The steps for defining an ML pipeline for enabling the continuous training and versioning of ML models are as follows:

Preprocessing – The process of data cleaning, feature engineering, and dataset creation for training the ML algorithm
Training – The process of training the developed ML algorithm for generating a new version of the ML model artifact
Evaluation – The process of evaluation of the generated ML model, for extracting key metrics related to the model behavior on new data not seen during the training phase
Registration – The process of versioning the new trained ML model artifact by linking the metrics extracted with the generated artifact

You can see more details of how to build a SageMaker pipeline in the following notebook.

Trigger CI/CD pipelines using EventBridge

When you finish building the model, you can start the deployment process. The last step of the SageMaker pipeline defined in the previous section registers a new version of the model in the specific SageMaker model registry group. The deployment of a new version of the ML model is managed using the model registry status. By manually approving or rejecting an ML model version, this step raises an event that is captured by EventBridge. This event can then start a new pipeline (CI/CD this time) for creating a new version of the AWS IoT Greengrass component that is then deployed to the pre-production and production accounts. The following screenshot shows our defined EventBridge rule.

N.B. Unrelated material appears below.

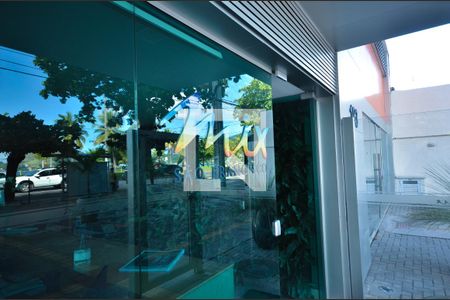 Apartamento para alugar com 66m², 2 quartos e 1 vagaFachada e portaria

This rule monitors the SageMaker model package group by looking for updates of model packages in the status Approved or Rejected.

The EventBridge rule is then configured to target CodePipeline, which starts the workflow of creating a new AWS IoT Greengrass component by using Amazon SageMaker Neo and Edge Manager.

Optimize ML models for the target architecture

Neo allows you to optimize ML models for performing inference on edge devices (and in the cloud). It automatically optimizes the ML models for better performance based on the target architecture, and decouples the model from the original framework, allowing you to run it on a lightweight runtime.

Refer to the following notebook for an example of how to compile a PyTorch Resnet18 model using Neo.

Build the deployment package by including the AWS IoT Greengrass component

Edge Manager allows you to manage, secure, deploy, and monitor models to a fleet of edge devices. In the following notebook, you can see more details of how to build a minimalist fleet of edge devices and run some experiments with this feature.

After you configure the fleet and compile the model, you need to run an Edge Manager packaging job, which prepares the model to be deployed to the fleet. You can start a packaging job by using the Boto3 SDK. For our parameters, we use the optimized model and model metadata. By adding the following parameters to OutputConfig, the job also prepares an AWS IoT Greengrass V2 component with the model:

PresetDeploymentType
PresetDeploymentConfig

See the following code:

import boto3
import time

SageMaker_client = boto3.client('SageMaker')

SageMaker_client.create_edge_packaging_job(
    EdgePackagingJobName="mlops-edge-packaging-{}".format(int(time.time()*1000)),
    CompilationJobName=compilation_job_name,
    ModelName="PytorchMLOpsEdgeModel",
    ModelVersion="1.0.0",
    RoleArn=role,
    OutputConfig={
        'S3OutputLocation': 's3://{}/model/'.format(bucket_name),
        "PresetDeploymentType": "GreengrassV2Component",
        "PresetDeploymentConfig": json.dumps(
            {"ComponentName": component_name, "ComponentVersion": component_version}
        ),
    }
)

Deploy ML models at the edge at scale

Now it’s time to deploy the model to your fleet of edge devices. First, we need to ensure that we have the necessary AWS Identity and Access Management (IAM) permissions to provision our IoT devices and are able to deploy components to it. We require two basic elements to start onboarding devices into our IoT platform:

IAM policy – This policy allows for the automatic provisioning of such devices, attached to the user or role performing the provisioning. It should have IoT write permissions to create the IoT thing and group, as well as to attach the necessary policies to the device. For more information, refer to Minimal IAM policy for installer to provision resources.
IAM role – this role is attached to the IoT things and groups that we create. You can create this role at provisioning time with basic permissions, but it will lack features like access to Amazon S3 or AWS Key Management Service (AWS KMS) that might be needed later. You can create this role beforehand and reuse it when we provision the device. For more information, refer to Authorize core devices to interact with AWS.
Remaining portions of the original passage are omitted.